This is to elaborate the interactions of the Higgs and the Weak Bosons with the quarks and electrons, specified by the concept of a weak isospin analogous to ordinary spin angular momentum. This article covers the theory of spin angular momentum.

Quantum mechanics shows that the angular momentum of the smallest pieces of matter is not continuous, but is quantized in units of hbar = h/2π, where hbar is a very small number and h is Planck’s constant. In regular quantum mechanics for massive atoms at rest, the orbital angular momentum L of an electrons in an atom is quantized in units of hbar, and can be L = n*hbar, where n is an integer, n = 0, 1, 2, etc. The angular momentum component can only be determined about a one specific axis or direction at a time, and this is usually taken as the z axis or the 3 direction. The angular momentum component along the z axis, m = Lz, runs through integers from -L to +L. For L = 0, m = 0. For L = 1, m = 1, 0, or -1. For L = 2, m = 2, 1, 0, -1, or -2. Electromagnetic transitions between different states of the electron conserve Lz when one includes the angular momentum projection of the emitted photon, which is has orbital angular momentum coupled to its spin of 1.

When considering the fundamental particles, relativity must be added to quantum mechanics. This results in allowing the values of angular momentum of the fundamental particles, called their spin, to include at S = 1/2 hbar, and include 3/2 hbar, etc., along with the integers S = n * hbar. For a spin 1/2 particles, two values of its spin along the z axis are allowed, Sz = +1/2 hbar, and Sz = -1/2 hbar. For a massive spin = 1 (S = 1 hbar), just like for orbital angular momentum, Sz = +1, 0, and -1 are allowed. But for a massless spin 1 particle like the photon, only Sz = +1 and -1 along its direction of motion are allowed. Spin 1/2 particles are called Fermions and obey Fermi-Dirac statistics and the Pauli Exclusion Principle where two cannot exist in the same state, which builds up the atomic orbitals. The integer spin particles are called Bosons, and obey Bose-Einstein statistics, where many can exist in the same state.

The spin 1/2 Fermions were actually discovered theoretically when Paul Dirac formulated a relativistic quantum mechanical equation of motion analogous to the Schrodinger equation.

Another outcome of Dirac’s Equation was the discovery of negative energy states with the same mass but a charge of opposite sign. This was the discovery of anti-particles, such as the positively charged positron is the anti-particle of the negatively charged electron.

We should add here that in a system with no preferred axis or direction, that is with no outside forces or interactions that have an axis or direction, then the system is invariant or unchanged by rotations. Rotational invariance leads to the conservation of angular momentum. This is an example of the Noether theorem formulated by Emmy Noether that associates a conserved quantity with a symmetry. Emmy Noether (1882-1935) was described as the most important woman in the history of mathematics.

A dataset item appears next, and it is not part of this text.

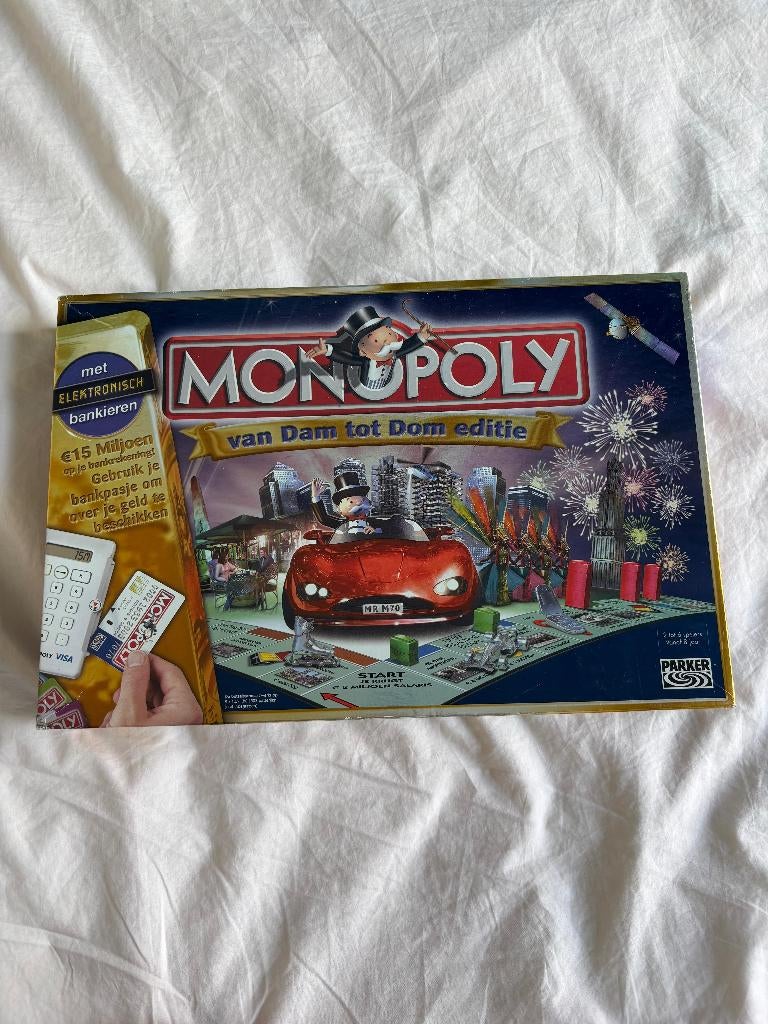 Monopoly van Dam tot Dom editie, Hobby en Vrije tijd, Gezelschapsspellen | Bordspellen, Vijf spelers of meer, Ophalen of Verzenden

An example of a photon interacting with the magnetic moment of a spin 1/2 proton or nucleus in a magnetic field and being absorbed by it to flip its spin to a higher energy state is the basis of nuclear magnetic resonance, now called magnetic resonance imaging:

A moving spin 1/2 particle’s spin can be referred to as along its direction of motion as positive helicity, or right-handed. If the particle’s spin is opposite its direction of motion, it can be referred to as negative helicity, or left-handed.

Photons, which are massless spin 1 particles, can only have their spin along or opposite their direction of motion, and are then referred to also as right circularly polarized or left circularly polarized, respectively.